17 4. Es kann im vorliegenden Fall dahin stehen, ob die Ersetzungsbefugnis bereits durch die Erklärung der Beklagten, sie wolle den Grundstücksanteil zurück übertragen, wirksam ausgeübt worden ist oder ob es eines notariell beurkundeten Angebots bedurft hätte. Auch wenn letzteres der Fall wäre, widerspräche es Treu und Glauben, wenn der Kläger sich hierauf berufen könnte, obwohl er seine Mitwirkung an der Rückabwicklung von vornherein abgelehnt hat.

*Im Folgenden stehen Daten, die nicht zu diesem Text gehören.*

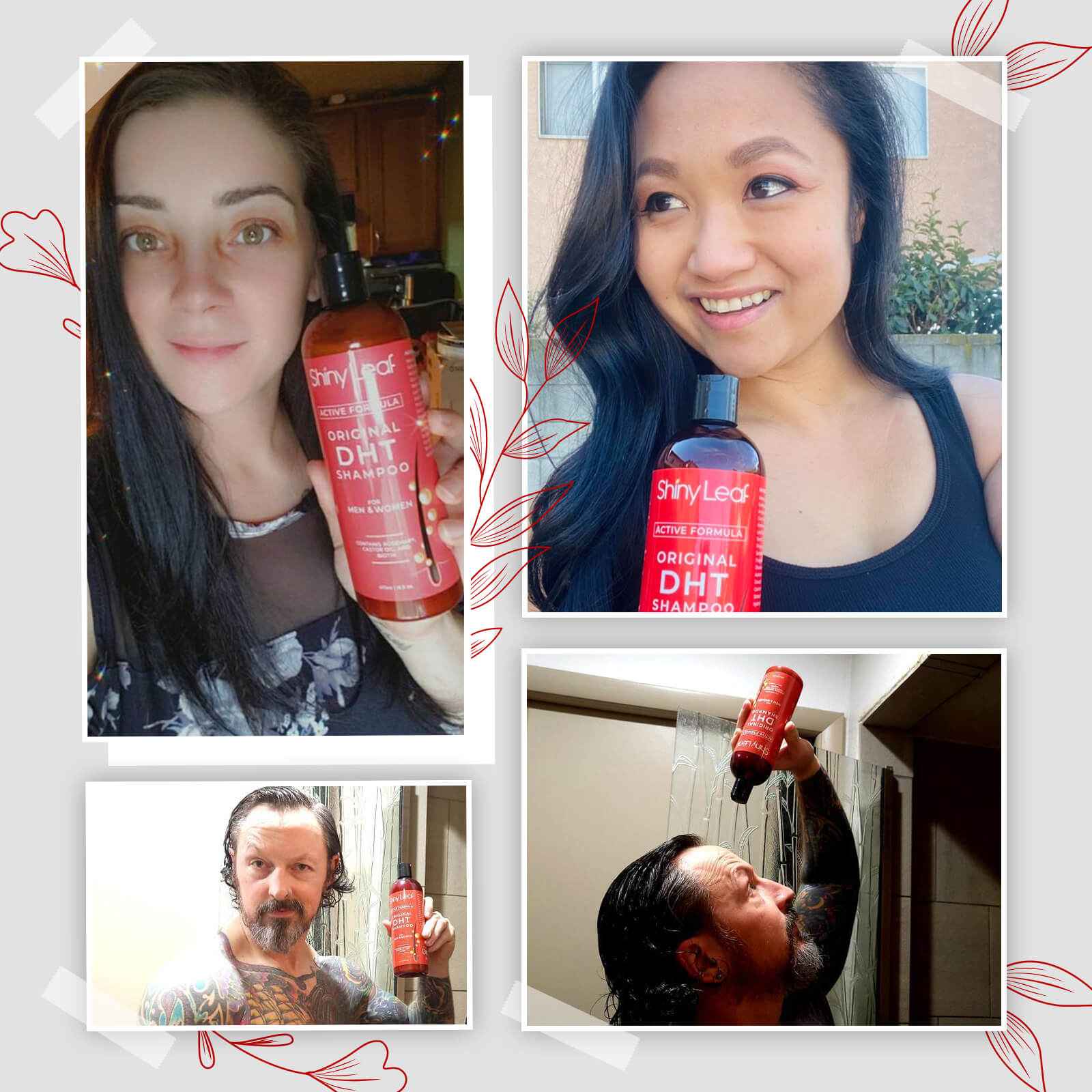 DHT Blocker Hair Loss Shampoo 16 oz, Active Formula For Hair Growth With Biotin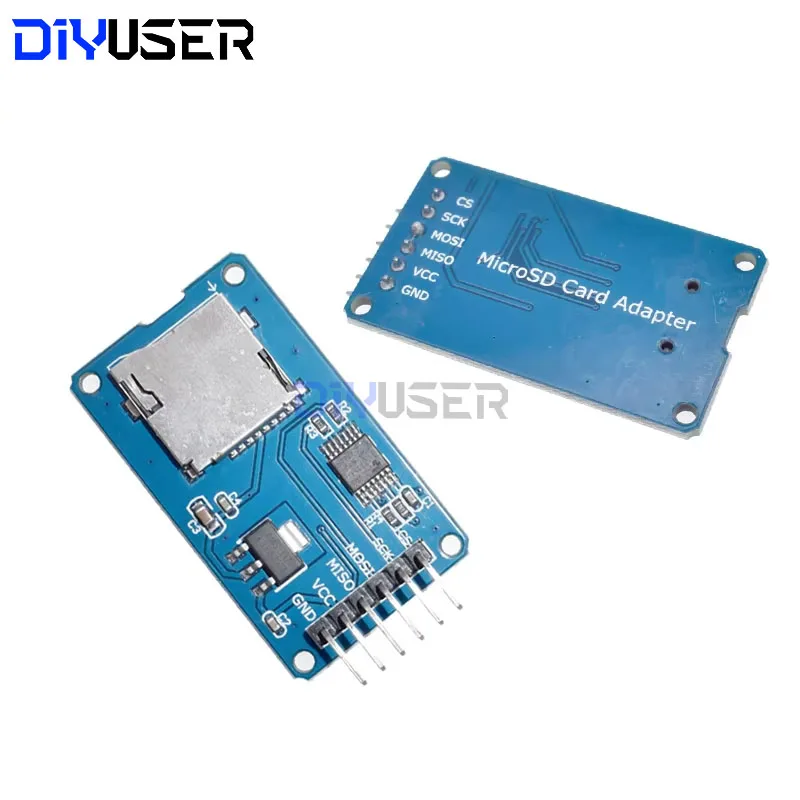 DIYUSER Micro SD Storage Expansion Board Micro SD TF Card Memory Shield Module SPI For Promotion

18 5. Allerdings trifft es zu, dass in Fällen wie dem vorliegenden das Risiko und die Kosten der Verwertung des Bruchteilseigentums den Träger der Sozialhilfe treffen und daher letztlich von der Allgemeinheit aufgebracht werden müssen. Allein daraus, dass der Beschenkte das Geschenk erhalten hat, folgt jedoch nicht, dass dieses Risiko im Falle der Bedürftigkeit des Schenkers auf den Beschenkten überzugehen hätte.

6. Die Kostenentscheidung beruht auf § 97 ZPO.